Ds. J.J.A. Ploos van Amstel (1835-1895) stond van 1876 tot zijn overlijden in 1895  voor de tweede keer in de kerk van Reitsum, vanaf 1886 als (Nederduitsch) gereformeerd predikant.

De predikant stelde toen namens de kerkenraad voor het hervormde kerkverband te verlaten. Hij waarschuwde: ‘Men mag om de kerkelijke goederen te kunnen verliezen geen leugenachtige toestand bestendigen!’ Met andere woorden: het kerkgebouw verliezen mag ons niet afhouden van waartoe we verplicht zijn. Met algemene stemmen gingen de aanwezigen er mee akkoord.

Maar er waren natuurlijk ook lidmaten niet aanwezig,. Vandaar dat kort daarop twee intekenlijsten in het dorp rondgingen, zodat alle gemeenteleden konden meestemmen. Op de ene kon men tekenen als men het besluit van de kerkenraad goedkeurde, op de andere als men bij de hervormde kerk wilde blijven.

De tweede lijst bleef onbeschreven. Op de eerste lijst tekenden alle mannelijke en vrouwelijke belijdende leden op één na, en bovendien tekenden daarop achtennegentig meerderjarige doopleden en vijfenveertig ouders met samen 147 kinderen. Twee gezinnen in Genum, en een gezin in Lichtaard, verklaarden zich tegen het kerkenraadsbesluit en bleven hervormd. In alle drie dorpen woonde toen elk nog één hervormd gezin.

Ds. W.J. de Wilde (1894-1961), die van 1925 tot 1929 hervormd predikant in Reitsum was, had later kritiek op de gang van zaken. Hij had gehoord dat de mensen niet eens wisten waar ze voor of tegen stemden. Dat lijkt niet erg aannemelijk: de meeste belijdende leden waren immers op de voorlichtingsvergadering aanwezig geweest, waar ook het besluit viel. Dat alles zal ongetwijfeld in het dorp goed zijn doorverteld aan de anderen.

Een schrijven aan de koning.

Een oude uitgave van de Dordtse Kerkorde.

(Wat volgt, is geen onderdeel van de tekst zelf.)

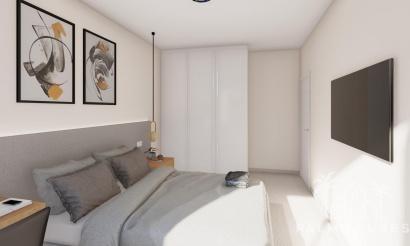 Nouvelle construction - Villa - Alicante - Yecla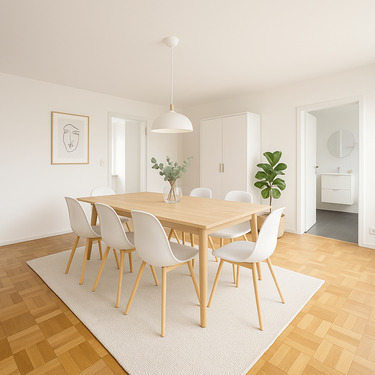 Schlafzimmer (KI-generiert) - 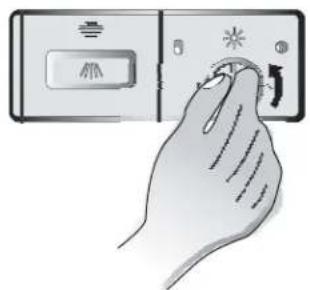 DANBY DDW621WDB - OUVERTURE DU DISTRIBUTEUR - 1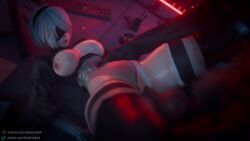 2b_(nier:automata), yorha_2b, nier, nier:_automata, nier_(series)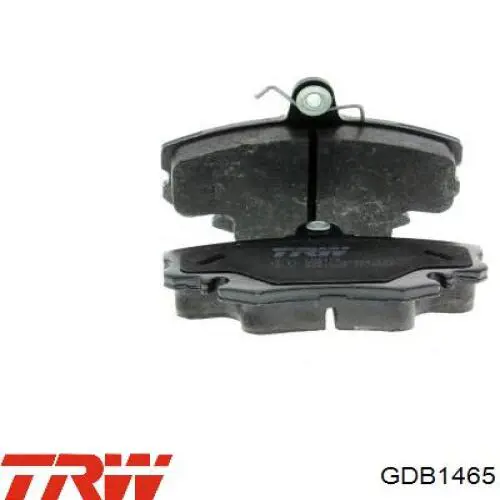 Купить 302259 VALEO Колодки тормозные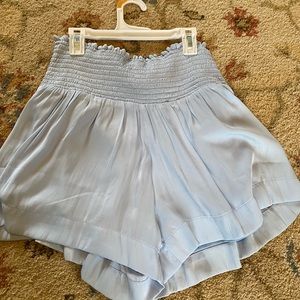 new with tags TCEC smocked shorts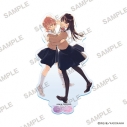 【グッズ-スタンドポップ】「やがて君になる」 アクリルスタンド 小糸侑&七海燈子 A【再販】の画像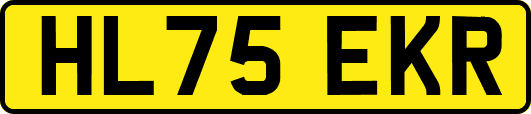 HL75EKR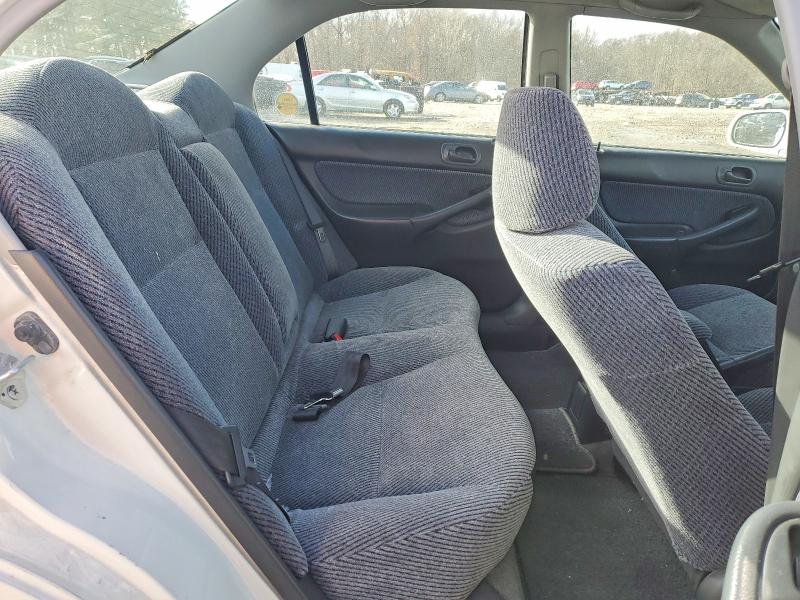 Продаж на аукціоні авто 1997 Honda Civic, vin: EK33200796, номер лоту: 98574205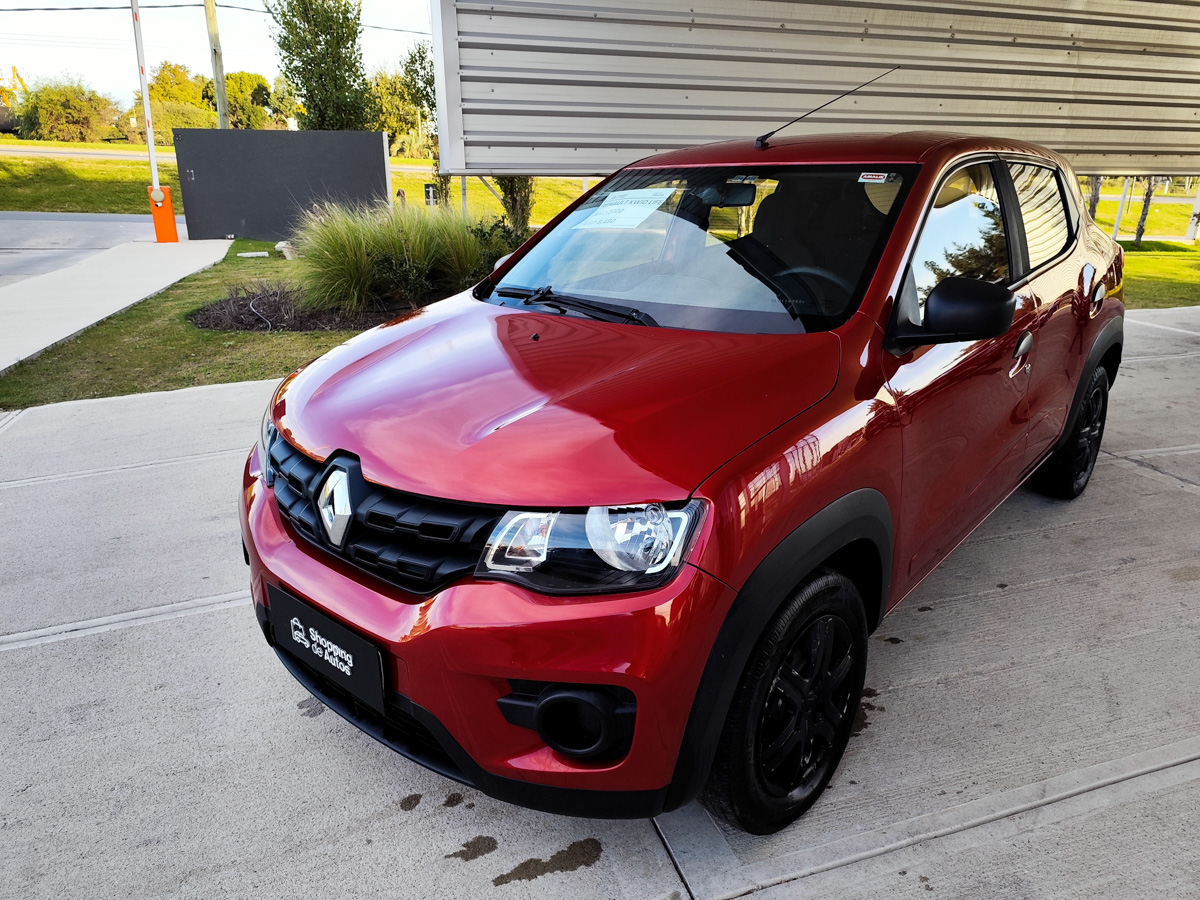 RENAULT KWID LIFE 020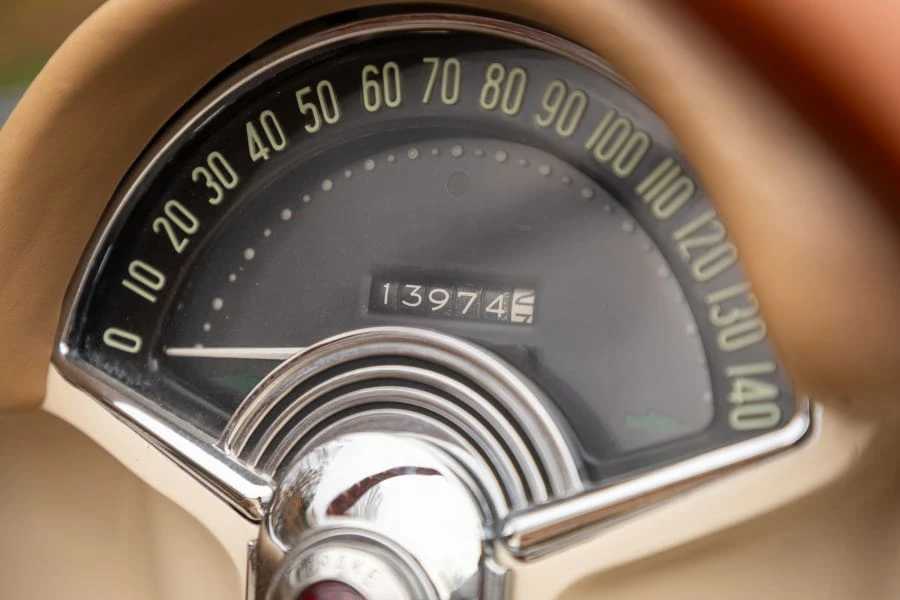 1955 Chevrolet Corvette C1 - Image 31 of 31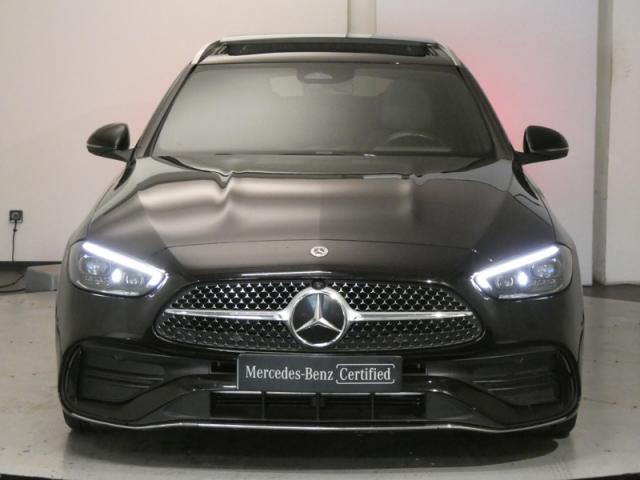 Mercedes Benz Classe C image 1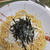 雲丹醤油 de クリームパスタ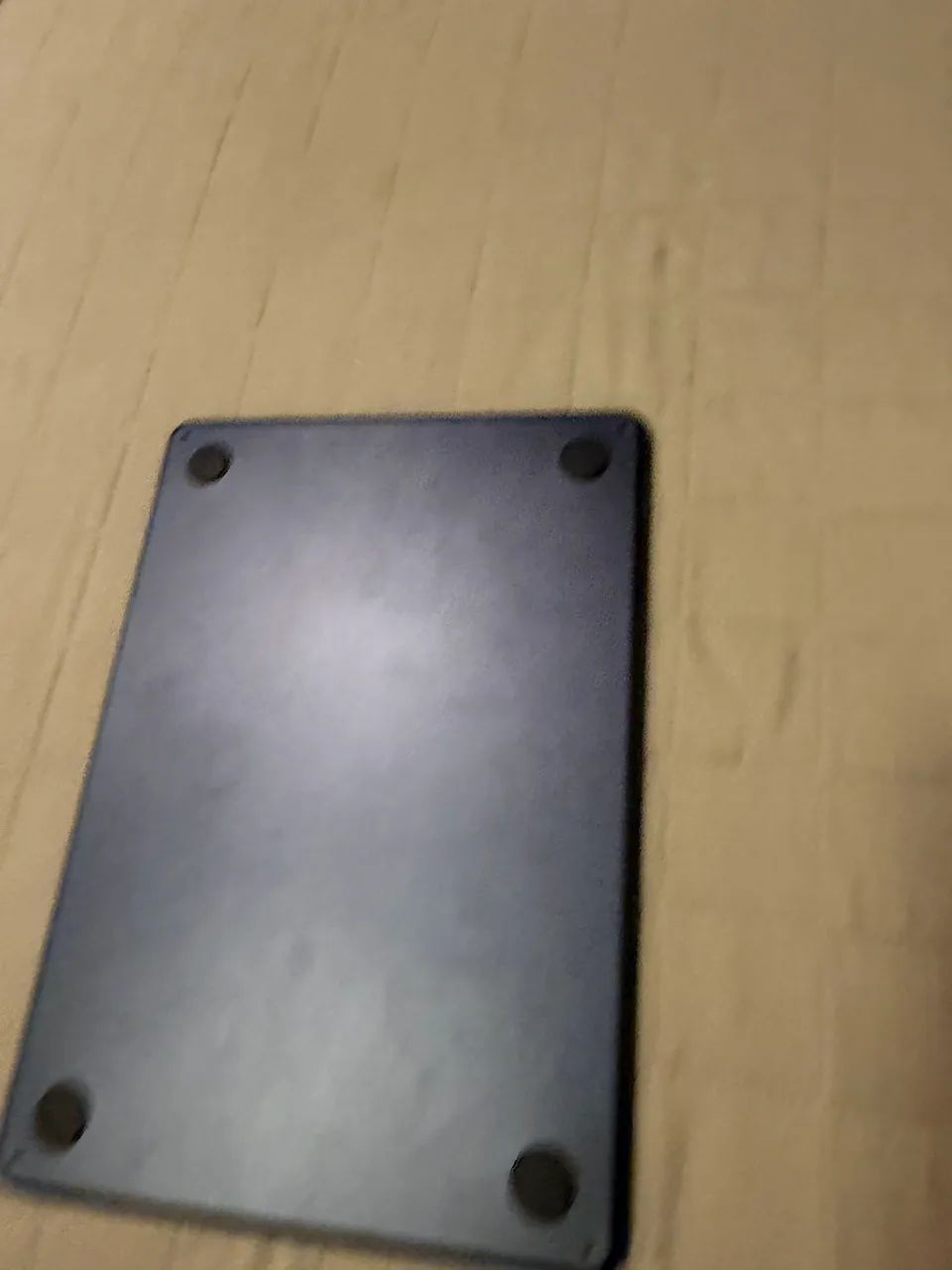 MacBook Air M5 13P 4 meses de uso preço de oportunidade  - Foto 4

De koning werd op de hoogte gesteld van Reitsums losmaking uit het kerkverband met de mededeling dat de gemeente van Reitsum het in 1816 door de overheid aan de kerk opgedrongen Algemeen Reglement voor het Bestuur der Hervormde Kerk had afgeschaft en dat men wederom kracht en geldigheid had verleend aan de Dordtse Kerkorde van 1618-1619. Natuurlijk werden ook de kerkelijke besturen op de hoogte gesteld. Aan de Algemeene Synode schreef de kerkenraad: “Naardien de gemeente stond voor de keuze óf de gehoorzaamheid aan Gods Woord te laten varen, óf de gehoorzaamheid aan de reglementen, zoo heeft zij tot het laatste besloten”. Alle brieven waren ondertekend door de kerkenraadsleden ds. Ploos van Amstel, Pieter Reitsma, J.T. Bakker, Pier Reitsma, R.P. van Steevoorn, P.W. Damsma en R.P. Reitsma.